When are Pfizer/moderna submitting data for Under 5s

Anonymous
Is anyone here in the know? Pfizer recently said April. Moderna had said in the next few weeks. Does anyone who works in this field have any idea of a more specific timeline?
Anonymous
Hence our frustration. We have no idea of a timeline? Three weeks from now? Christmas? I’m so over not having any information.
Anonymous
The way this has been handled has been such a disaster.

I have heard May, possibly, but I will believe it when my kid actually has a shot in his arm. We have been told that shots are just 6-8 weeks away since last summer.
Anonymous
The Moderna efficacy was pretty bad. I don’t see how the FDA can grant an EUA for a vaccine that is less than 50% effective. I don’t think you should pin your hopes on this.
Anonymous
Anonymous wrote:The Moderna efficacy was pretty bad. I don’t see how the FDA can grant an EUA for a vaccine that is less than 50% effective. I don’t think you should pin your hopes on this.


In that case the health officials should come out firmly against quarantines and masking for kids under 5. Daycares/preschols should return to pre-covid illness policies. If it doesn't make sense to vaccinate kids until they turn 5 so be it! But I cannot take another 2 years of the status quo until my DC turns 5.
Anonymous
The moderna efficacy did not look great. But comparable to adult vax against omicron. I’ll take 38 percent.
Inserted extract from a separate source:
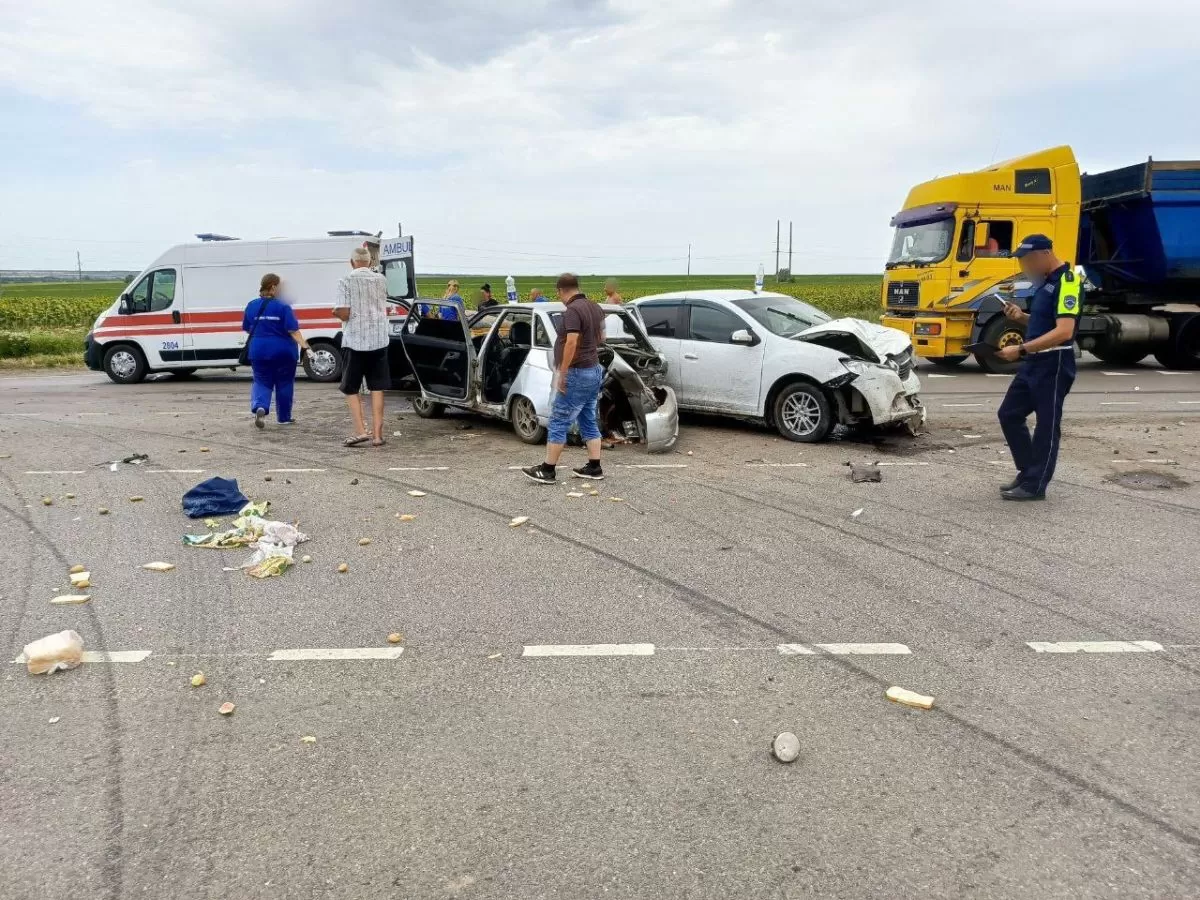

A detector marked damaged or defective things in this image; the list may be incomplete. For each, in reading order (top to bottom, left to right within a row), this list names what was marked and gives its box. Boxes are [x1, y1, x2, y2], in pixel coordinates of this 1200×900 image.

broken car door [398, 300, 474, 402]
wrecked white car [398, 300, 680, 454]
wrecked white car [632, 290, 924, 442]
crumpled car hood [796, 314, 908, 360]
It’s more than 0.
Anonymous
I seriously think it may never happen. The under-5 population very unlikely to experience severe disease, by orders of magnitude. The efficacy against Omicron and whatever comes next is going to be too low to justify the blanket vaccination of under-5s. Basically, unless a kid has some kind of co-morbidity, I think this is going to be a 5-and-up vaccine.
Anonymous
Anonymous wrote:The moderna efficacy did not look great. But comparable to adult vax against omicron. I’ll take 38 percent. It’s more than 0.


Mind you that’s 38% after a few weeks, might be pretty close to zero after a few months.
Anonymous
Anonymous wrote:
Anonymous wrote:The Moderna efficacy was pretty bad. I don’t see how the FDA can grant an EUA for a vaccine that is less than 50% effective. I don’t think you should pin your hopes on this.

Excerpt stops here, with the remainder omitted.